Exercise objective
Please output the lines from the one with "Maryland crab cakes" through the end of the data exactly as written, omitting all pictures.

● ● ●

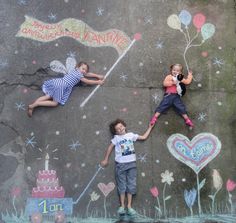 two children laying on the ground with chalk drawings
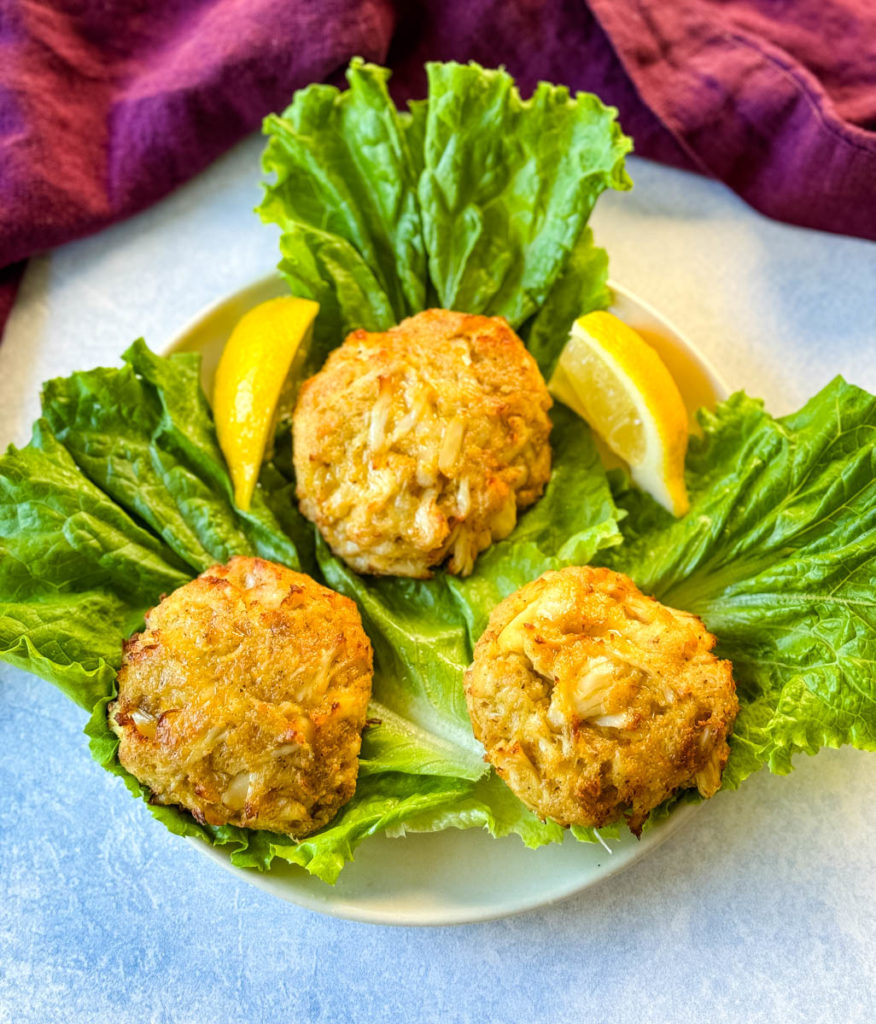 Maryland crab cakes on a bed of lettuce with fresh lemon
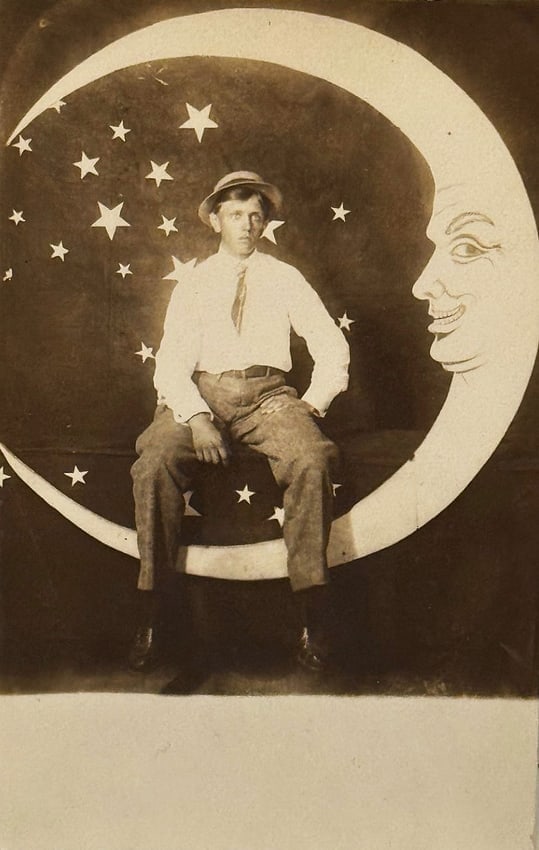 Real Photo Paper Moon Studio Postcard Man Smiling Moon: Real photo paper moon studio postcard. Man with hat sits on a moon that looks all knowing. Stars in the background. Card is in very good condition - please see the images. Postally unused. Circa 1900 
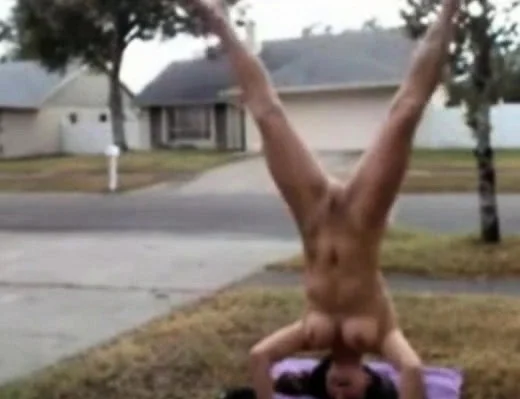 hot babe gets caught doing naked yoga in front of her house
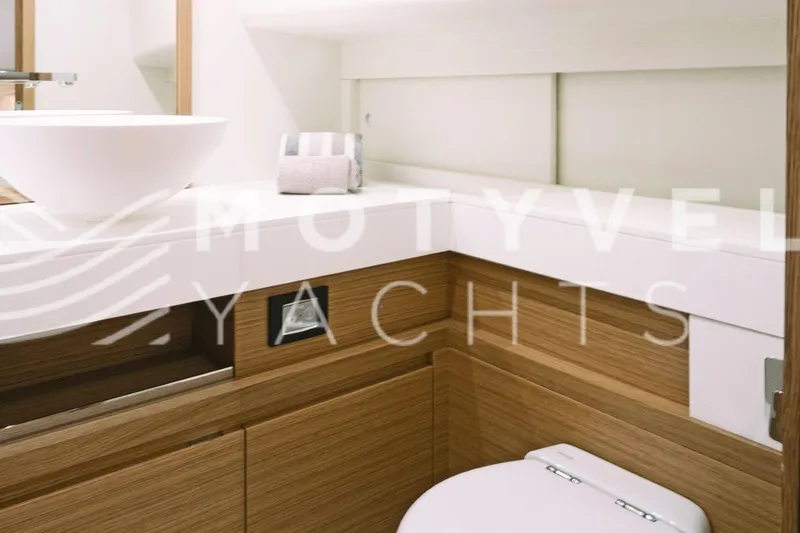  Yacht Photos Pics Modern bathroom interior of 2023 Pardo Yachts 50, featuring sleek wood and white design.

● ● ●

Solution to the exercise
 Maryland crab cakes on a bed of lettuce with fresh lemon
 Real Photo Paper Moon Studio Postcard Man Smiling Moon: Real photo paper moon studio postcard. Man with hat sits on a moon that looks all knowing. Stars in the background. Card is in very good condition - please see the images. Postally unused. Circa 1900 
 hot babe gets caught doing naked yoga in front of her house
  Yacht Photos Pics Modern bathroom interior of 2023 Pardo Yachts 50, featuring sleek wood and white design.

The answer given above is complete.